* [EXERCISE DETAILS] Set down all the records below, word for word.

* [INFORMATION GIVEN]
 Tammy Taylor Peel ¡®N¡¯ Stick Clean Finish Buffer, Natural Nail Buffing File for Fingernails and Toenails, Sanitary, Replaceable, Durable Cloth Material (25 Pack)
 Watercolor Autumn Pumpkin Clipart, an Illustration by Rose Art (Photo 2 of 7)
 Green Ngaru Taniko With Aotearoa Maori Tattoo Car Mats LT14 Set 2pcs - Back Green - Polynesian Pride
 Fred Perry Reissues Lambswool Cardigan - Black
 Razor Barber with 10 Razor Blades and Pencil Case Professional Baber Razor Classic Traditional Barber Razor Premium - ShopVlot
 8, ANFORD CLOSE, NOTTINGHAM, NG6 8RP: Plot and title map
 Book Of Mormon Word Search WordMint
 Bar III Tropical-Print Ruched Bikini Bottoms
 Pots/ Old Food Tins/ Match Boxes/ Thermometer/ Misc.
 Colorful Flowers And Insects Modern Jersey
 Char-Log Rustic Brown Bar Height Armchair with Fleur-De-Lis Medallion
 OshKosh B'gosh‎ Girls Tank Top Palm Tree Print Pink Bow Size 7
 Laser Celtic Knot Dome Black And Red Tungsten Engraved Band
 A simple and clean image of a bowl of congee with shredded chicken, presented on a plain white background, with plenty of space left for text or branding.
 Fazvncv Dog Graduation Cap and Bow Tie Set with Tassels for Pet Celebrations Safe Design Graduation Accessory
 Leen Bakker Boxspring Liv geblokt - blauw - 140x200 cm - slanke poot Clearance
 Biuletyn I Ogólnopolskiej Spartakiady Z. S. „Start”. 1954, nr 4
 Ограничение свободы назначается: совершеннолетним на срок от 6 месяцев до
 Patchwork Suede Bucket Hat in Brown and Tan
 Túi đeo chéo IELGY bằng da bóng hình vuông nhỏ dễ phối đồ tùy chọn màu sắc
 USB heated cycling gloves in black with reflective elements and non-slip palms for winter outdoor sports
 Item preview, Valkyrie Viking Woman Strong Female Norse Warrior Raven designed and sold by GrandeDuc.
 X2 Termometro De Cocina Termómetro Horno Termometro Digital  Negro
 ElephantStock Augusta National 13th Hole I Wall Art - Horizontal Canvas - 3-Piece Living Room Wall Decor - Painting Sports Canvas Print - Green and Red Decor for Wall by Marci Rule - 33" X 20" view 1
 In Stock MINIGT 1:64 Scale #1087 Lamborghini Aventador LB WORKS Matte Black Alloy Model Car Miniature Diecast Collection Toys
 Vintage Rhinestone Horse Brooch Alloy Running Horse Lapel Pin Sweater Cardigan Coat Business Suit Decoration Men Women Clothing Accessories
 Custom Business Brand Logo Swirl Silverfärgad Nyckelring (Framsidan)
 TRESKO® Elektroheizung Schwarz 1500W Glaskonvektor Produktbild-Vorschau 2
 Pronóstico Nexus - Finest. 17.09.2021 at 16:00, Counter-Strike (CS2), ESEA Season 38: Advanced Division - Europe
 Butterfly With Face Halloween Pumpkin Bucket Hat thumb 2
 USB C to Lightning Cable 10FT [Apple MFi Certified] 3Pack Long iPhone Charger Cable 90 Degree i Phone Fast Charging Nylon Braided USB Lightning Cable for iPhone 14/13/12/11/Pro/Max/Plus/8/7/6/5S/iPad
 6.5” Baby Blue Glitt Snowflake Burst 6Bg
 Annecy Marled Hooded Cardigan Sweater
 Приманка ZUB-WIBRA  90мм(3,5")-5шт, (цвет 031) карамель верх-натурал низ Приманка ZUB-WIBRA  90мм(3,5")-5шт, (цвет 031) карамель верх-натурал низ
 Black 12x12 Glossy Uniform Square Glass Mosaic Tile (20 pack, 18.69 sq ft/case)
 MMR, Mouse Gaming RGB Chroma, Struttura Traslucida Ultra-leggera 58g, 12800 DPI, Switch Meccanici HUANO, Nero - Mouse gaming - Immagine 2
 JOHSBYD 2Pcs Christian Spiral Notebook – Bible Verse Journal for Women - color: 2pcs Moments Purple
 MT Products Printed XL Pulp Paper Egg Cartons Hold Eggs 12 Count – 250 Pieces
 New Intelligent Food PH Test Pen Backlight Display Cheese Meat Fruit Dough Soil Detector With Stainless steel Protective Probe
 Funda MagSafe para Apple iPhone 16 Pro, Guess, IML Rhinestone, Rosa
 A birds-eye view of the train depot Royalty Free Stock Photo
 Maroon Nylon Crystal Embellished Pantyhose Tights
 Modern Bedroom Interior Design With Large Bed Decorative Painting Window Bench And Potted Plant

* [RESPONSE TO THIS TASK]
 Tammy Taylor Peel ¡®N¡¯ Stick Clean Finish Buffer, Natural Nail Buffing File for Fingernails and Toenails, Sanitary, Replaceable, Durable Cloth Material (25 Pack)
 Watercolor Autumn Pumpkin Clipart, an Illustration by Rose Art (Photo 2 of 7)
 Green Ngaru Taniko With Aotearoa Maori Tattoo Car Mats LT14 Set 2pcs - Back Green - Polynesian Pride
 Fred Perry Reissues Lambswool Cardigan - Black
 Razor Barber with 10 Razor Blades and Pencil Case Professional Baber Razor Classic Traditional Barber Razor Premium - ShopVlot
 8, ANFORD CLOSE, NOTTINGHAM, NG6 8RP: Plot and title map
 Book Of Mormon Word Search WordMint
 Bar III Tropical-Print Ruched Bikini Bottoms
 Pots/ Old Food Tins/ Match Boxes/ Thermometer/ Misc.
 Colorful Flowers And Insects Modern Jersey
 Char-Log Rustic Brown Bar Height Armchair with Fleur-De-Lis Medallion
 OshKosh B'gosh‎ Girls Tank Top Palm Tree Print Pink Bow Size 7
 Laser Celtic Knot Dome Black And Red Tungsten Engraved Band
 A simple and clean image of a bowl of congee with shredded chicken, presented on a plain white background, with plenty of space left for text or branding.
 Fazvncv Dog Graduation Cap and Bow Tie Set with Tassels for Pet Celebrations Safe Design Graduation Accessory
 Leen Bakker Boxspring Liv geblokt - blauw - 140x200 cm - slanke poot Clearance
 Biuletyn I Ogólnopolskiej Spartakiady Z. S. „Start”. 1954, nr 4
 Ограничение свободы назначается: совершеннолетним на срок от 6 месяцев до
 Patchwork Suede Bucket Hat in Brown and Tan
 Túi đeo chéo IELGY bằng da bóng hình vuông nhỏ dễ phối đồ tùy chọn màu sắc
 USB heated cycling gloves in black with reflective elements and non-slip palms for winter outdoor sports
 Item preview, Valkyrie Viking Woman Strong Female Norse Warrior Raven designed and sold by GrandeDuc.
 X2 Termometro De Cocina Termómetro Horno Termometro Digital  Negro
 ElephantStock Augusta National 13th Hole I Wall Art - Horizontal Canvas - 3-Piece Living Room Wall Decor - Painting Sports Canvas Print - Green and Red Decor for Wall by Marci Rule - 33" X 20" view 1
 In Stock MINIGT 1:64 Scale #1087 Lamborghini Aventador LB WORKS Matte Black Alloy Model Car Miniature Diecast Collection Toys
 Vintage Rhinestone Horse Brooch Alloy Running Horse Lapel Pin Sweater Cardigan Coat Business Suit Decoration Men Women Clothing Accessories
 Custom Business Brand Logo Swirl Silverfärgad Nyckelring (Framsidan)
 TRESKO® Elektroheizung Schwarz 1500W Glaskonvektor Produktbild-Vorschau 2
 Pronóstico Nexus - Finest. 17.09.2021 at 16:00, Counter-Strike (CS2), ESEA Season 38: Advanced Division - Europe
 Butterfly With Face Halloween Pumpkin Bucket Hat thumb 2
 USB C to Lightning Cable 10FT [Apple MFi Certified] 3Pack Long iPhone Charger Cable 90 Degree i Phone Fast Charging Nylon Braided USB Lightning Cable for iPhone 14/13/12/11/Pro/Max/Plus/8/7/6/5S/iPad
 6.5” Baby Blue Glitt Snowflake Burst 6Bg
 Annecy Marled Hooded Cardigan Sweater
 Приманка ZUB-WIBRA  90мм(3,5")-5шт, (цвет 031) карамель верх-натурал низ Приманка ZUB-WIBRA  90мм(3,5")-5шт, (цвет 031) карамель верх-натурал низ
 Black 12x12 Glossy Uniform Square Glass Mosaic Tile (20 pack, 18.69 sq ft/case)
 MMR, Mouse Gaming RGB Chroma, Struttura Traslucida Ultra-leggera 58g, 12800 DPI, Switch Meccanici HUANO, Nero - Mouse gaming - Immagine 2
 JOHSBYD 2Pcs Christian Spiral Notebook – Bible Verse Journal for Women - color: 2pcs Moments Purple
 MT Products Printed XL Pulp Paper Egg Cartons Hold Eggs 12 Count – 250 Pieces
 New Intelligent Food PH Test Pen Backlight Display Cheese Meat Fruit Dough Soil Detector With Stainless steel Protective Probe
 Funda MagSafe para Apple iPhone 16 Pro, Guess, IML Rhinestone, Rosa
 A birds-eye view of the train depot Royalty Free Stock Photo
 Maroon Nylon Crystal Embellished Pantyhose Tights
 Modern Bedroom Interior Design With Large Bed Decorative Painting Window Bench And Potted Plant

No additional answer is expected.